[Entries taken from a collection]

______

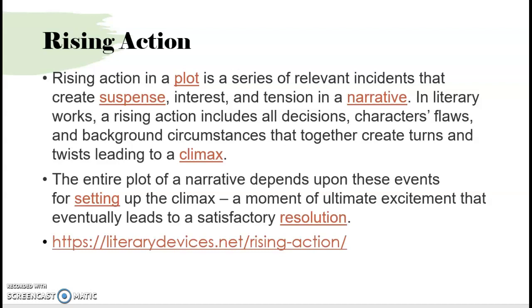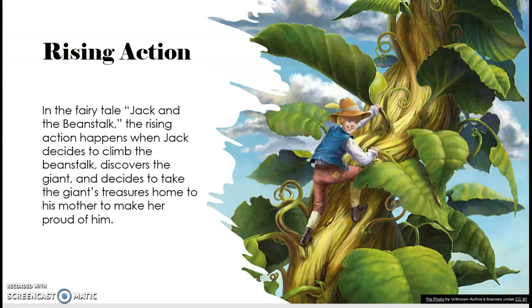Then we have the rising action, which creates suspense and leads us to the climax. It might have some foreshadowing, and it can include things like character flaws — like Jack's flaw of not making good choices about what kind of trade is worthwhile when selling the one thing sustaining your family. In Jack and the Beanstalk, one element of rising action happens after Jack discovers that when his mother threw the beans in the yard, a big vine grew, and he decides to climb it.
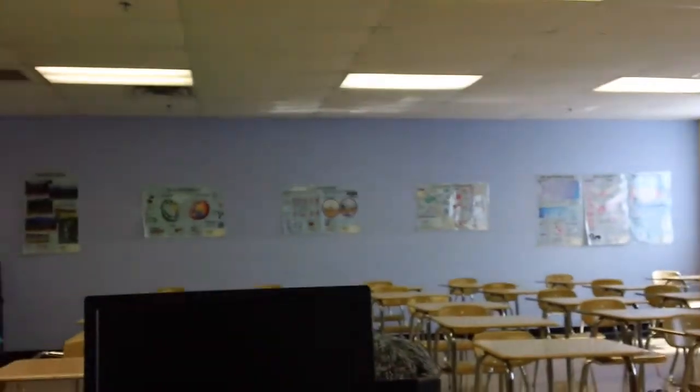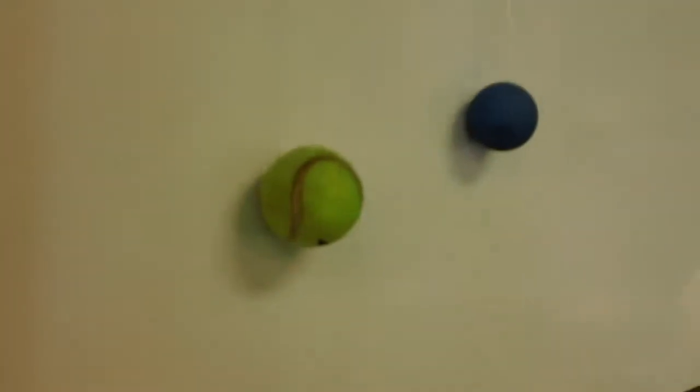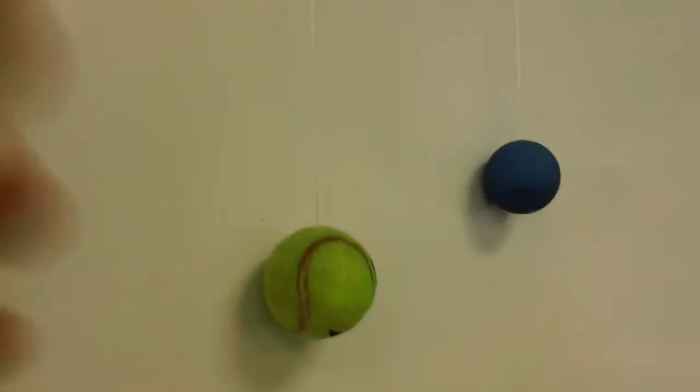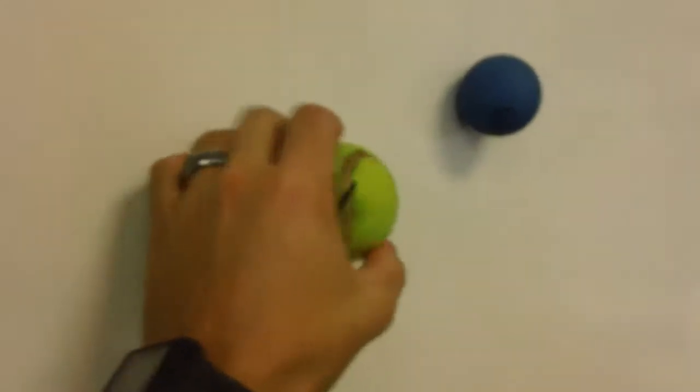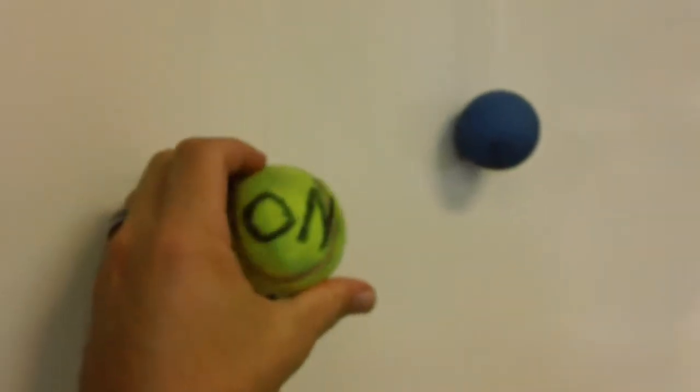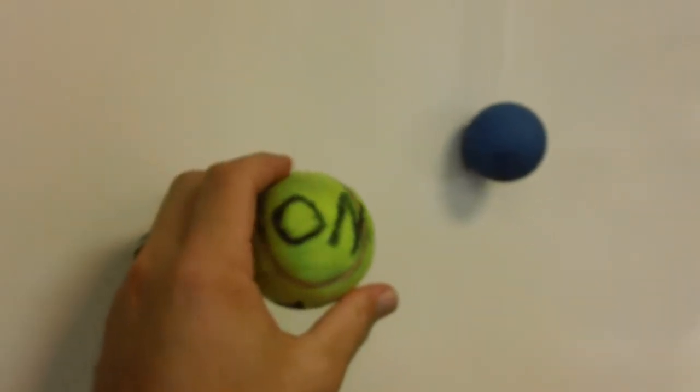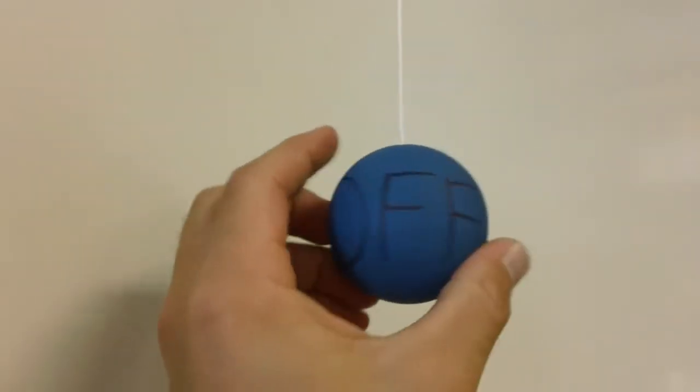So I've been having this issue where I get really sick of turning the lights on and off, going between the projector behind me and just having the lights on for class. So I decided to make an easier way and I have right behind me this ball that's labeled on and this one that's labeled off.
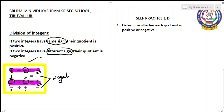Okay children. If you see the same sign for both integers, then your quotient is positive. If you see different signs, it is negative. Let us go for self practice 1D: determine whether each quotient is positive or negative.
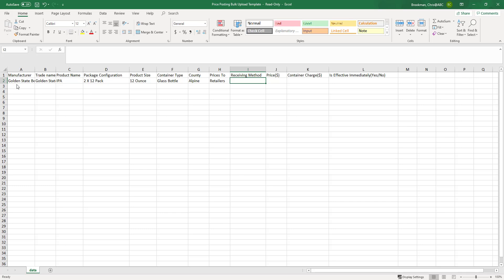For receiving method, you can type in FOB, delivery, or both. If you type in both, the system will generate two line items, one for FOB and one for delivery.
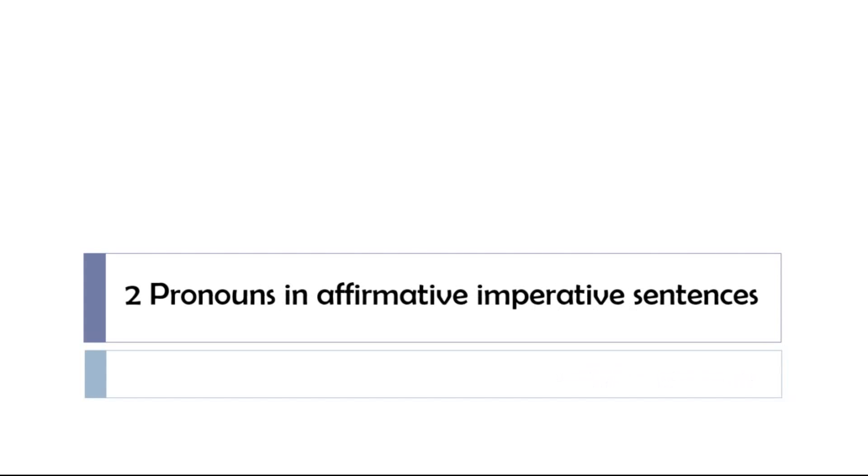And in this lesson we'll see together a few examples of sentences with two pronouns in affirmative-imperative mode. For each of these sentences we'll use the pronoun la just to see how it goes, so we can start right now.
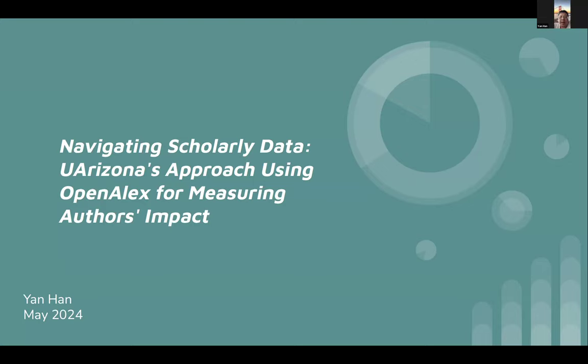My name is Yan Han. I'm a research systems librarian at the University of Arizona Libraries. Today's topic is presenting our university's approach using OpenALEX data to measure scholarly impact.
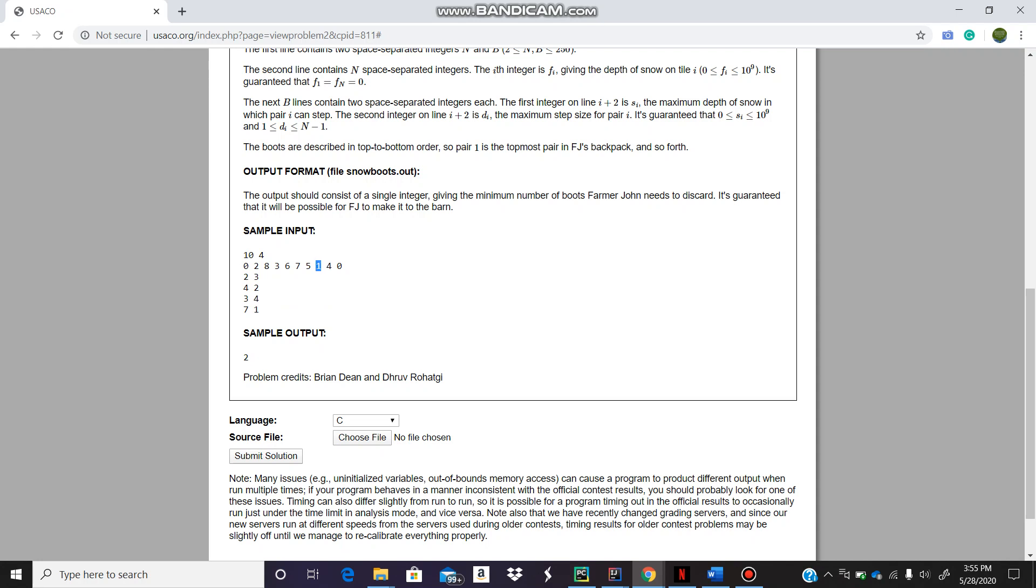Obviously it couldn't be 5 or 4 because they are greater than 2 and that boot cannot tolerate that much snow. From here it couldn't be any of these - this is the finish. I did that for all these boots.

______

Instructions to follow: Please print all the entries exactly as written, but drop the pictures.

Task result:
Then we have the rising action, which creates suspense and leads us to the climax. It might have some foreshadowing, and it can include things like character flaws — like Jack's flaw of not making good choices about what kind of trade is worthwhile when selling the one thing sustaining your family. In Jack and the Beanstalk, one element of rising action happens after Jack discovers that when his mother threw the beans in the yard, a big vine grew, and he decides to climb it.
So I've been having this issue where I get really sick of turning the lights on and off, going between the projector behind me and just having the lights on for class. So I decided to make an easier way and I have right behind me this ball that's labeled on and this one that's labeled off.
Okay children. If you see the same sign for both integers, then your quotient is positive. If you see different signs, it is negative. Let us go for self practice 1D: determine whether each quotient is positive or negative.
For receiving method, you can type in FOB, delivery, or both. If you type in both, the system will generate two line items, one for FOB and one for delivery.
And in this lesson we'll see together a few examples of sentences with two pronouns in affirmative-imperative mode. For each of these sentences we'll use the pronoun la just to see how it goes, so we can start right now.
My name is Yan Han. I'm a research systems librarian at the University of Arizona Libraries. Today's topic is presenting our university's approach using OpenALEX data to measure scholarly impact.
Obviously it couldn't be 5 or 4 because they are greater than 2 and that boot cannot tolerate that much snow. From here it couldn't be any of these - this is the finish. I did that for all these boots.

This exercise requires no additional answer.